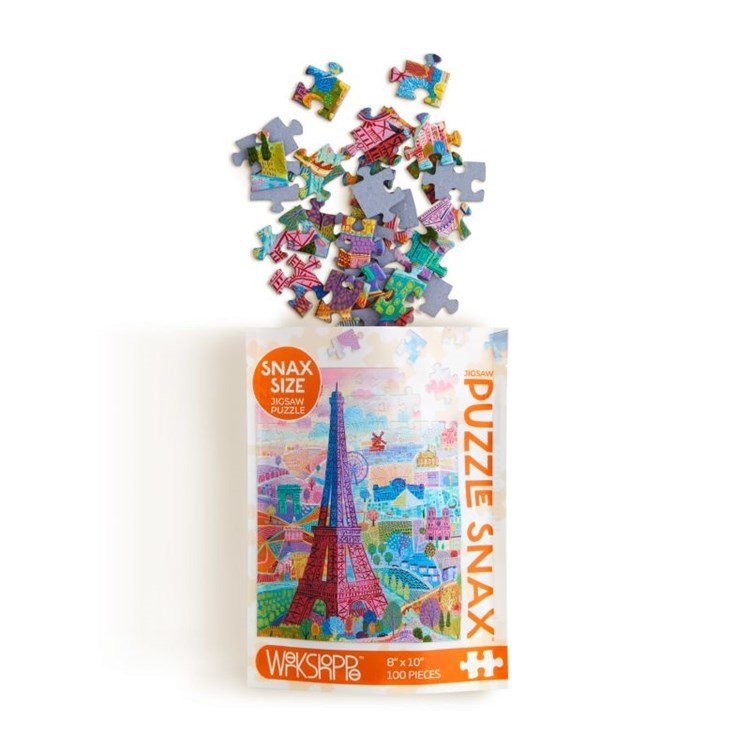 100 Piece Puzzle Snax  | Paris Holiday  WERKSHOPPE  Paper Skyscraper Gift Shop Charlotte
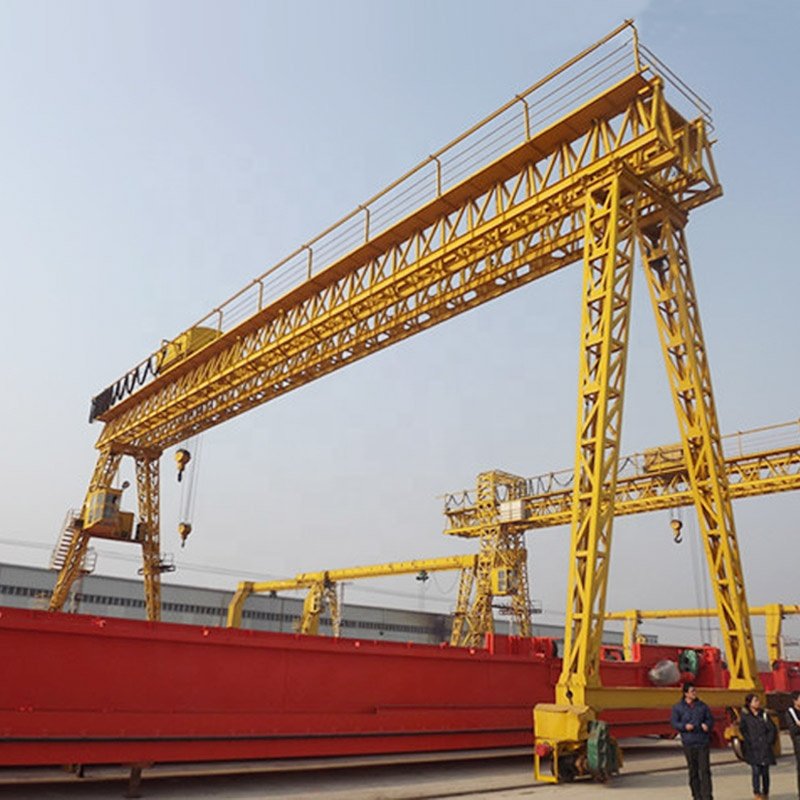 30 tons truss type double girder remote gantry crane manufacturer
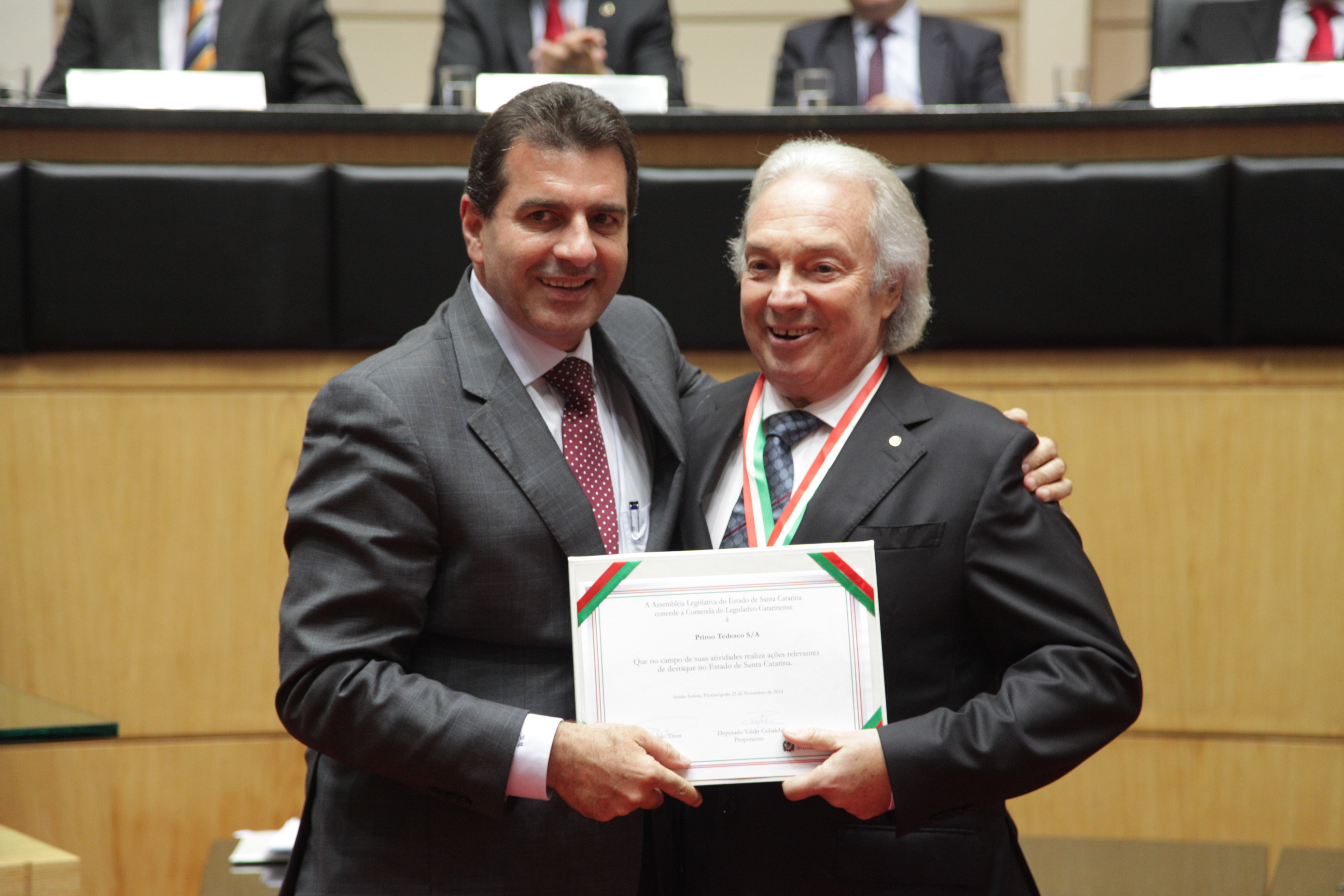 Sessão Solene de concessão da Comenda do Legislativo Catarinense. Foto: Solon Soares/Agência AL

= = =

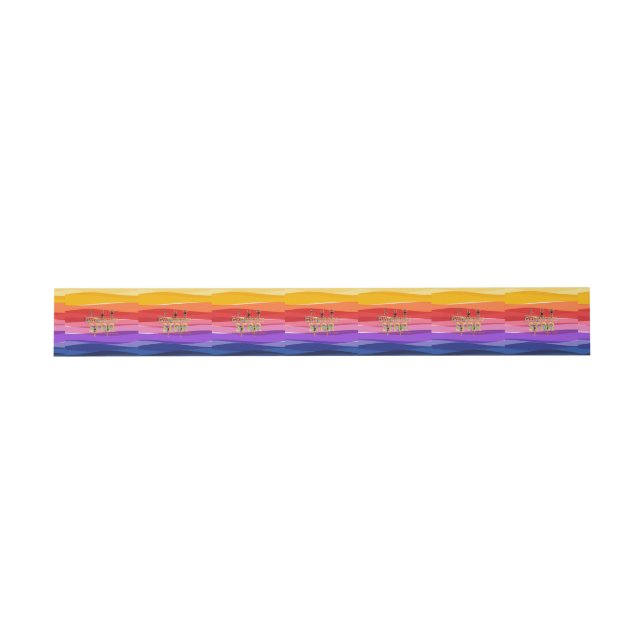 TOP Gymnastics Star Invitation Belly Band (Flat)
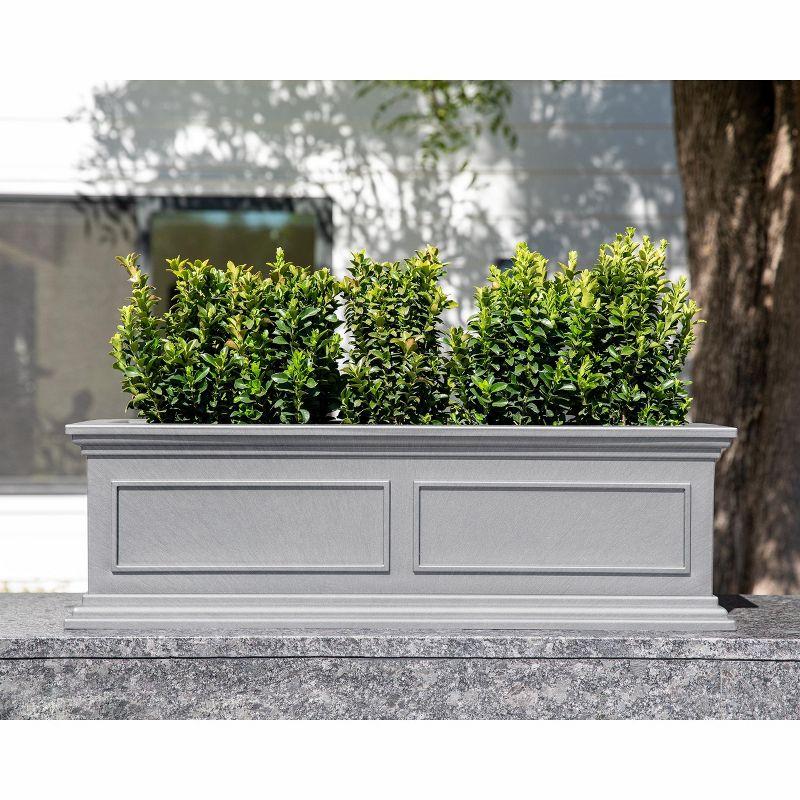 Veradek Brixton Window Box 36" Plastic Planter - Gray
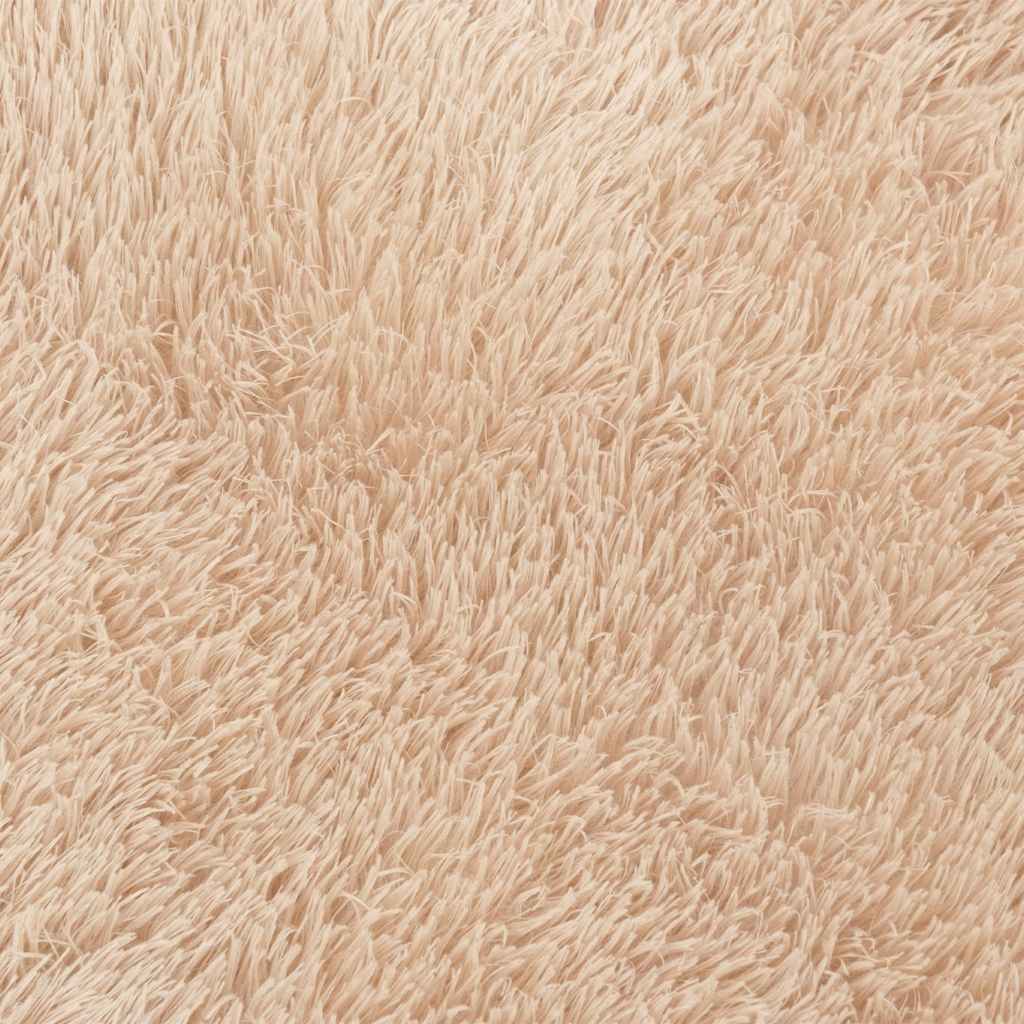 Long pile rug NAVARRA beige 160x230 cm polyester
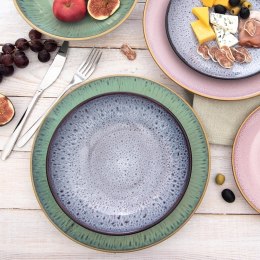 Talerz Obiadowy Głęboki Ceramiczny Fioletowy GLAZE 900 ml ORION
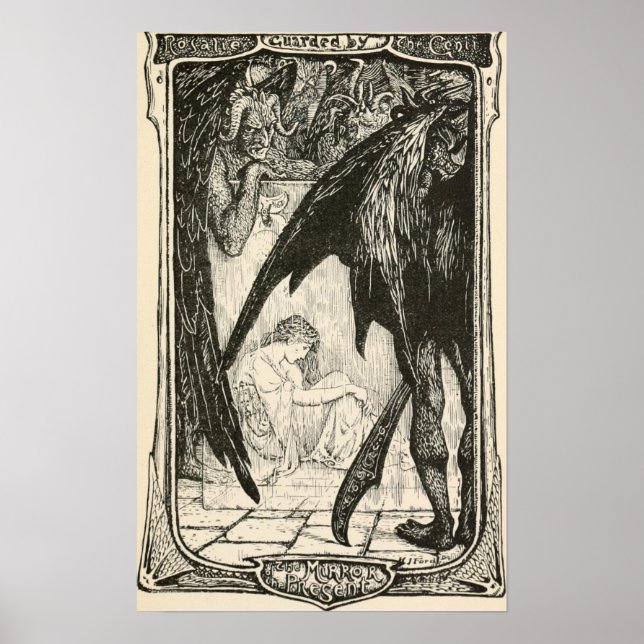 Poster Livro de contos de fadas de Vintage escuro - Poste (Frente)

= = =

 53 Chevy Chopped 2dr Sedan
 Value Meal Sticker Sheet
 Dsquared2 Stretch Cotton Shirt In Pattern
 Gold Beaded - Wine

= = =

--- AIM OF THE TASK ---
Starting at the line containing "30 tons truss" and stopping at the line containing "Sessão Solene de", output each line exactly as it appears above. Leave out the pictures.

--- RESULT BELOW ---
 30 tons truss type double girder remote gantry crane manufacturer
 Sessão Solene de concessão da Comenda do Legislativo Catarinense. Foto: Solon Soares/Agência AL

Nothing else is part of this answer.